This page was reviewed or revised on Friday, October 28, 2011 3:40 PM
Scabies is a skin infection caused by a very small insect-like parasite called a mite.
Scabies is spread by direct skin-to-skin contact with a person already infected with scabies. Mites can be transferred from clothing/bedding or personal belongings that were used immediately beforehand by the infected person. Scabies is highly contagious and is not related to gender, race, socioeconomic level or personal hygiene.
The scabies mites lay their eggs just under the skin surface. The person may have no symptoms and then they typically begin to feel an intense itchiness, which is often worse at night. Tiny burrows or a rash often accompanies the itchiness. The most common site for the rash to appear is the webs of the fingers, wrists, elbows, breasts, genitals, abdomen, back and buttocks.

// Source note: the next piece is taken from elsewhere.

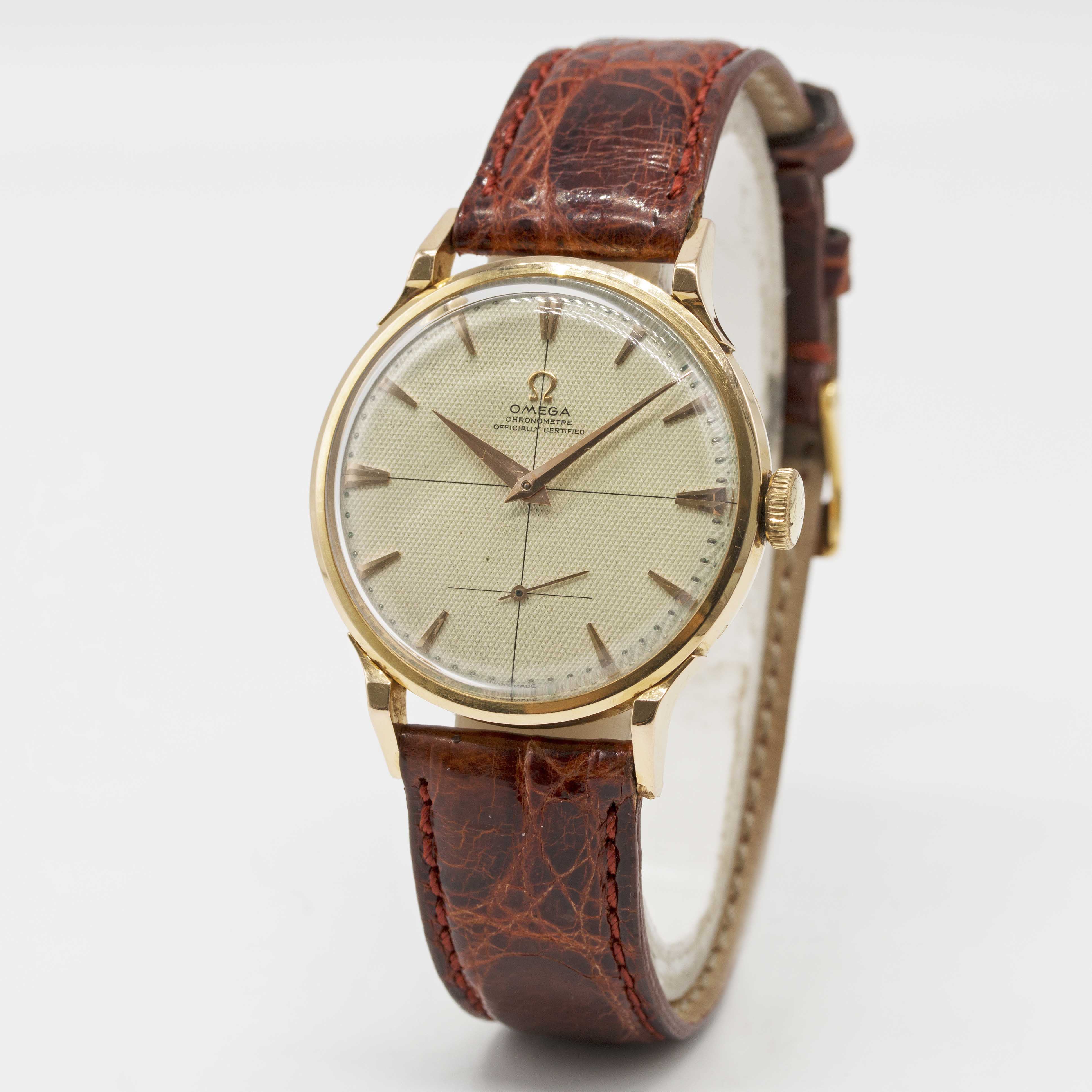 A RARE GENTLEMAN'S 18K SOLID ROSE GOLD OMEGA CHRONOMETRE OFFICIALLY CERTIFIED WRIST WATCH CIRCA - Image 5 of 10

Secondary skin infections can occur from scratching the infected areas.
Symptoms may take 4-6 weeks to begin for a person who has never been infected. If a person has had scabies in the past, symptoms appear within several days. You do not become immune to scabies.
Mites need the human body to survive, once they are away from the human body, mites do not survive more than 48-72 hours. When living on a person, an adult female mite can live up to a month.
Contact your physician for specific treatment. There are many different creams/lotions that can be obtained through pharmacies.
Exclude from daycare/school/work until 24 hours after the start of effective treatment. All clothing, bedding, and personal belongings, such as towels used by the infected person within the last 48-72 hours, should be laundered on the hot cycle of the washer and dryer. For any items that can not be laundered place in a plastic bag for a week. It is not necessary to disinfect items such as mattresses and furniture. Following treatment, itching may persist for a few weeks. Rash may take a few weeks to fade.
Anyone who is diagnosed with scabies as well as anyone who has had close, prolonged contact with the infected person should be treated.